- Born: 4 March 1756 Scalan, Scotland
- Died: 24 November 1846 (aged 90) Rome, Papal States
- Education: Scots College, Rome Scots College, Valladolid

Ecclesiastical career
- Church: Roman Catholic
- Ordained: 6 April 1779 (priest) by Alonso Marcos de Llanes Argüelles

= Paul MacPherson =

Abbé Paul MacPherson (4 March 1756 – 24 November 1846), was a Catholic clergyman who became the first Scottish secular priest appointed rector of the Scots College, Rome.

==Life==
He was born in Scalan, Aberdeenshire on 4 March 1756 to Paul MacPherson and Jean Cumming.
At the age of thirteen, he travelled to the Scots College in Rome to study for the priesthood. Owing to illness he was sent to Royal Scots College, Valladolid in Spain where he was ordained on Easter Monday 1779.

In 1793, he was nominated as agent of the Scottish mission to Rome and in August he left Scotland to take up his duties. His work was interrupted by the French invasion in 1798, and he fled home taking the students with him. He returned in 1800 to recover the College properties.
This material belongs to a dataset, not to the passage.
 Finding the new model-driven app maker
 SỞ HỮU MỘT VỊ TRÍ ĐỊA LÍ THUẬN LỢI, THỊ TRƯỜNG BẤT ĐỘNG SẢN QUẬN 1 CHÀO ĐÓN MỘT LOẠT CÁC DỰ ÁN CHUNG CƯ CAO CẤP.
In 1801, a Papal Decree recognised the right of the British colleges to appoint national superiors, McPherson became the first rector of the Scots College Rome from the ranks of the Scottish secular clergy. In 1820, he was finally able to welcome the first students to the College since it had been abandoned in 1798.

McPherson wished to return to Scotland but it was not until 1827 after his replacement, Angus Macdonald, the new Rector, arrived that he was able to leave Rome.
Around 1834, the vicars apostolic of Scotland sent the seventy-eight year old McPherson to Rome to deliver a report on the state of religion in Scotland. The bishops stated that due to poverty, most of the priests did not have their own house, but were obliged to live in the cabin of a parishioner. Cardinal Henry Benedict Stuart had bequeathed a portion of his property to the Scottish Church, but it appears not to have been paid.

MacPherson found that his successor as rector, Macdonald, had died suddenly, and the college had been closed. Alexander Grant arrived in 1841 to assist him as Vice-Rector being Rector in all but name.
In total he had been in charge of the college for 38 years.
He remained in Rome and died on 24 November 1846.

Having nursed the college through the difficulties of the Napoleonic period he has been called the saviour of the college. He was buried in the college chapel, Sant'Andrea degli Scozzesi (Church of St Andrews of the Scots), on the via Quattro Fontane.